Nachdem die einzelnen Länder die Rückzahlungsbeträge ihrer Gemeinden bis Ende Oktober 2008 dem Bund bekannt geben müssen, damit der Bund seine Bundesmittel (Vorwegabzüge aus der Körperschaftssteuer) rechtzeitig Anfang 2009 den Ländern zur Verteilung an ihre Gemeinden bereitstellen kann, empfiehlt es sich, während der Sommermonate vor Ende September 2008 (bis zu diesem Termin haben die Handelsbetriebe ihre Rückforderungsansprüche und Rückzahlungsverfahren den Gemeinden gegenüber bekannt zu geben)
- allfällig noch offene formalrechtliche Entscheidungen über bedingte bzw. verspätete Rechtsbehelfe zu treffen,
- die Rückzahlungsbeträge bzw. die Rückzahlungsverfahren im Rahmen ihrer Steuerverwaltung abzuklären,
damit nach Vorliegen der Informationen durch die Handelsbetriebe Ende September noch im Oktober 2008 allfällige Differenzen mit den Handelsbetrieben fristgerecht abgeklärt und die Rückzahlungsbeträge den Ländern bis Ende Oktober 2008 bekannt gegeben werden können.

Lösungsanalyse
Nachdem es sich bei der Besteuerung der entgeltlichen Lieferung von Getränken durch Handelsbetriebe, im Gegensatz zur Getränkeabgabe bei überwiegend Dienstleistungsbetrieben, um eine gemeinschaftsrechtswidrige Abgabenbesteuerung handelte, waren die Städte und Gemeinden verpflichtet, die Überwälzung der Getränkesteuer bzw. eine Bereicherung bei Rückzahlung umfassend formal- und materiellrechtlich zu prüfen.
Im Zusammenhang mit diversen höchstgerichtlichen Verfahren und vor allem im Hinblick auf den Linzer Präzedenzfall hat sich gezeigt, dass diese sogenannten „Bereicherungsverfahren“ mit einem kaum zu vertretenden fachlichen und personellen Verwaltungsaufwand verbunden sind und teilweise auch zu hohen finanziellen Rückzahlungsbelastungen der Kommunen geführt hätten bzw. mit den vorhandenen Personalressourcen sicherlich nicht zu bewältigen gewesen wären.
Es war daher sinnvoll, aufgrund der positiven Entscheidung im Linzer Präzedenzfall in Verhandlungen mit dem Handel einzutreten und eine generelle österreichweite Regelung anzustreben.

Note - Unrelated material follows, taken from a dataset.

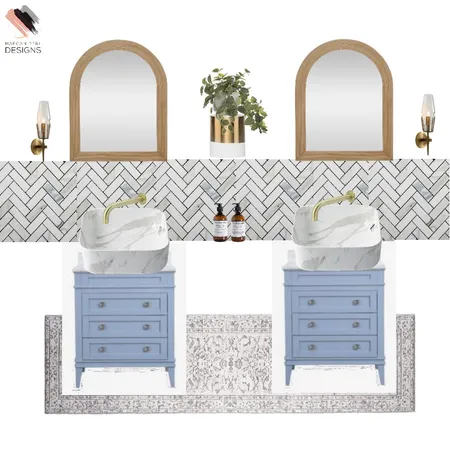 Bathroom Blues Interior Design Mood Board by Maegan Perl Designs on Style Sourcebook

Der in dem VwGH-Erkenntnis vom 21. Mai 2007, Zl. 2005/16/0247-12, entschiedene Rück¬zahlungsprozentsatz ermöglichte es Städte- und Gemeindebund, nicht nur die ursprüngliche, vom Handel angebotene Rückzahlungsquote von über 50% als obsolet anzusehen, sondern im Rahmen langwieriger Verhandlungen den Handel zu einer Zustimmung zu einer lediglich 15%igen Rückzahlung zu bewegen. Das Faktum, von einer 100%ig gemeinschaftsrechtswidrigen Abgabe lediglich 15% rückzahlen, keine aufwendigen bzw. gar nicht zu bewältigenden Verfahren führen und überdies die dann relativ einfachen Verwaltungsverfahren erst bis Frühjahr 2009 abwickeln zu müssen, wird für die Kommunen eine verfahrensrechtlich und finanziell vertretbare Regelung mit sich bringen.
Im Übrigen darf positiv bemerkt werden, dass der Bund seine Beteiligung am Rückzahlungspotenzial im Wege von Ertragsanteilen aus der Körperschaftssteuer und Zuordnung dieser entsprechend der Rückzahlungsbelastung der einzelnen Gemeinden bereits für Anfang 2009 zusagte, jedoch die Rückzahlungsfrist für die Gemeinden erst mit 30. April 2009 abläuft, weshalb die finanzielle Belastung der Gemeinden noch weniger wird. Damit konnte erreicht werden, dass von dem nach Abschluss der Vereinbarung noch offenem Rückzahlungspotenzial von voraussichtlich 30 Millionen Euro aus dem Rechtstitel Getränkesteuer-Rückzahlung an Handelsbetriebe ein weiteres Viertel nicht von den Kommunen zu leisten sein wird.
Dem Städtebund ist es daher gemeinsam mit dem Gemeindebund gelungen, die Rückzahlung der gemeinschaftsrechtswidrigen Getränkesteuer bei Handelsbetrieben dermaßen zu gestalten, dass sich die bürokratische und finanzielle Belastung der Städte und Gemeinden wider Erwarten noch in vertretbaren Grenzen hält.